CROWN HEIGHTS — Twelve months and 200 portraits later, artist Rusty Zimmerman is almost ready to unveil the face of Crown Heights.

The creator of the neighborhood’s Free Portrait Project — what he has called a Herculean effort to paint and interview 200 people to document “who we are now, amid gentrification” — is getting ready to show off the results with a big celebration and month-long exhibit at a local museum.

The portraits will go on display at the Brooklyn Children’s Museum starting Sept. 25, ushered into the space with a party and march (complete with two marching bands, he says) for a final event bringing together the diverse community.

“All the folks who have been painted with their friends, families, community members, representatives from local offices, will take a walk together with people they might otherwise not take a walk with for one mile,” he said.

Fostering a sense of community and neighborliness through the project has been a “gift,” Zimmerman said. In the past year as he’s gotten to know more people in his studio, the artist has introduced people to each other at local viewing parties, on the street and in the portrait sessions themselves, where subjects often sit in on each other’s four-hour portrait-making.

“The opportunity to encourage people to say hello to each other has been wonderful,” he said.

But the full-time project, funded completely by donations and grants, has one more financial hurdle to pass before the final exhibit can go up. Frames for the portraits, costs for the exhibition space and audio editing for the 900 hours of stories Zimmerman recorded from portrait subjects cost thousands of dollars, he said; with an online fundraiser, he’s hoping to raise $5,000 before next week’s event.
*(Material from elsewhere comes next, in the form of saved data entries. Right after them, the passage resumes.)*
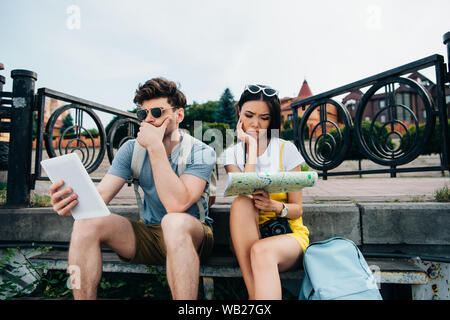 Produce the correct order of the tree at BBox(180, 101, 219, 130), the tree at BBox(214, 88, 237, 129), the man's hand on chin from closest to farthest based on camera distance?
the man's hand on chin → the tree at BBox(214, 88, 237, 129) → the tree at BBox(180, 101, 219, 130)

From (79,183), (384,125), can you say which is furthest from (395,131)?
(79,183)

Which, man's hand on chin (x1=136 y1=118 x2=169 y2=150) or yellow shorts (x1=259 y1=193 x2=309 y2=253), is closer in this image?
yellow shorts (x1=259 y1=193 x2=309 y2=253)

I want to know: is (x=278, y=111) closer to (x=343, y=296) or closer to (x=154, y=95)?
(x=154, y=95)

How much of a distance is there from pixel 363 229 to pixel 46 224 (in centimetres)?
271

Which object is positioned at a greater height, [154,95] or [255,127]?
[154,95]

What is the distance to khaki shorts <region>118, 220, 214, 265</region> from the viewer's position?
1893 millimetres

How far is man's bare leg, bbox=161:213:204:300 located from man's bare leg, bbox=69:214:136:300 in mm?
390

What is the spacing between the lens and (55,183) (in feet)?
5.13

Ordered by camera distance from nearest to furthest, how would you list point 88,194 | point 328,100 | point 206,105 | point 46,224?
point 88,194 < point 46,224 < point 328,100 < point 206,105

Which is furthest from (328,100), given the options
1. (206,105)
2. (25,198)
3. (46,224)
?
(206,105)

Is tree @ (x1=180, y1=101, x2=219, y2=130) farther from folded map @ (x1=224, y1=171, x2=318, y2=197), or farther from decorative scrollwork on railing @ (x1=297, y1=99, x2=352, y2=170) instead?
folded map @ (x1=224, y1=171, x2=318, y2=197)

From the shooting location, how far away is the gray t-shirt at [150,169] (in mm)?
1945

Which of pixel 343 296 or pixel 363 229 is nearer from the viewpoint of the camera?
pixel 343 296

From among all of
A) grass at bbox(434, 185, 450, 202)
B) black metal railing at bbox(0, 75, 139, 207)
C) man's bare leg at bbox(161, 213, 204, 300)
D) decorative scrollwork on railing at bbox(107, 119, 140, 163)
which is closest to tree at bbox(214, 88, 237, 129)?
decorative scrollwork on railing at bbox(107, 119, 140, 163) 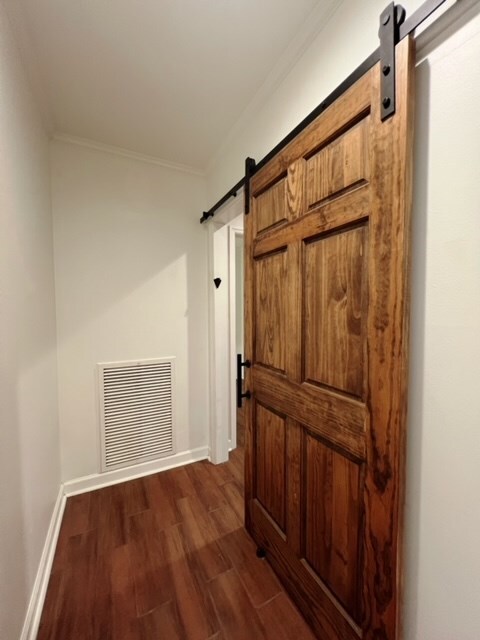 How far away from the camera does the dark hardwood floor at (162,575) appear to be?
1.12m

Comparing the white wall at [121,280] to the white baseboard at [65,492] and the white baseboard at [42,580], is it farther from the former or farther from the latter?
the white baseboard at [42,580]

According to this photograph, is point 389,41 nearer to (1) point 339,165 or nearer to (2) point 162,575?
(1) point 339,165

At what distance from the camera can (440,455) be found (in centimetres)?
73

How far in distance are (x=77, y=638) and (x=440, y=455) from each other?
5.25 ft

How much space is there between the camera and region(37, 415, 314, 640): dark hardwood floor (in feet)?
3.67

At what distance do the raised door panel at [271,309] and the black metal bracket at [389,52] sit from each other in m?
0.60

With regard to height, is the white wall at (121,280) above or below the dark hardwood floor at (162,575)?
above

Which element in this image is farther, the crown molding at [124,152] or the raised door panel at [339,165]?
the crown molding at [124,152]

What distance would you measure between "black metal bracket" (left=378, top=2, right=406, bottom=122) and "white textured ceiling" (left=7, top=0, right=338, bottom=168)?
16.9 inches

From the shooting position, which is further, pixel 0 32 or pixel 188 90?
pixel 188 90

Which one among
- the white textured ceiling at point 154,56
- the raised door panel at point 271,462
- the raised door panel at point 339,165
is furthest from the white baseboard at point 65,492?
the white textured ceiling at point 154,56

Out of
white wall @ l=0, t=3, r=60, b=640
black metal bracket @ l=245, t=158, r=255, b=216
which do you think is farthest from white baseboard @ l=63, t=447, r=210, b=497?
black metal bracket @ l=245, t=158, r=255, b=216

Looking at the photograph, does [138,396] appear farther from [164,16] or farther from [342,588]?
[164,16]

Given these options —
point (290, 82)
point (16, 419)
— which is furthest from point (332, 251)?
point (16, 419) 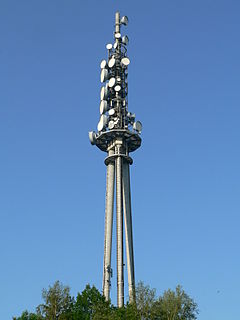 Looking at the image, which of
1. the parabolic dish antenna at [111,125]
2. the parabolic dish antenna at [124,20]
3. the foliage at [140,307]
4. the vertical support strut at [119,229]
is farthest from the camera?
the parabolic dish antenna at [124,20]

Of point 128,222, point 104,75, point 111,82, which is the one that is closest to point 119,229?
point 128,222

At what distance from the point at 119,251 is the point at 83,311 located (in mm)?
17065

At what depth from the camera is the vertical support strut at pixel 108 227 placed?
10273cm

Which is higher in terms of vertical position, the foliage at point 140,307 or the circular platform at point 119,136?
the circular platform at point 119,136

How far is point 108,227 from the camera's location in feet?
353

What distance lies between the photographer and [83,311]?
8731 cm

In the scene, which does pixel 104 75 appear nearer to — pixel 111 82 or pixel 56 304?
pixel 111 82

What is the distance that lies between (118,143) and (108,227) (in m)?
16.0

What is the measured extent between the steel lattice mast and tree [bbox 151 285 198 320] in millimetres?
19324

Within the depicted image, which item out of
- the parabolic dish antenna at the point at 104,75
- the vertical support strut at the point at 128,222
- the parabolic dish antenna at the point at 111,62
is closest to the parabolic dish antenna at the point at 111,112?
the parabolic dish antenna at the point at 104,75

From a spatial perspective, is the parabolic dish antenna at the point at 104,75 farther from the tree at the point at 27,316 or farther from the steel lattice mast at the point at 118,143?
the tree at the point at 27,316

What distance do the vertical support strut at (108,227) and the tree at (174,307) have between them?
67.8 feet

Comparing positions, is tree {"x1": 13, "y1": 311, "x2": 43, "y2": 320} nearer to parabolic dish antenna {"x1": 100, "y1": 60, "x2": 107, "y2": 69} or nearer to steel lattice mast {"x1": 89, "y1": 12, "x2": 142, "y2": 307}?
steel lattice mast {"x1": 89, "y1": 12, "x2": 142, "y2": 307}

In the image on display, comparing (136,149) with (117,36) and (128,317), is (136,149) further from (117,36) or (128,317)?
(128,317) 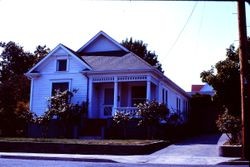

Lots of help for the project has already come through, however. Brooklyn Brewery is sponsoring the Sept. 25 exhibit opening, Repair the World, a local nonprofit, is providing kosher wine and the LeFrak Lakeside skating rink donated bicycle rickshaw carriages to help carry the older portrait participants (the oldest subject is 94, Zimmerman said) in the march to the museum.

The event is free and open to the public.

“We encourage everyone in Crown Heights to come out and celebrate the neighborhood and each other,” he said.

The Free Portrait Project exhibition party will begin at 4 p.m. on Sunday, Sept. 25 with a march starting at Eastern Parkway and Bedford Avenue. The museum opening starts at 5 p.m. at the Brooklyn Children’s Museum at 145 Brooklyn Ave.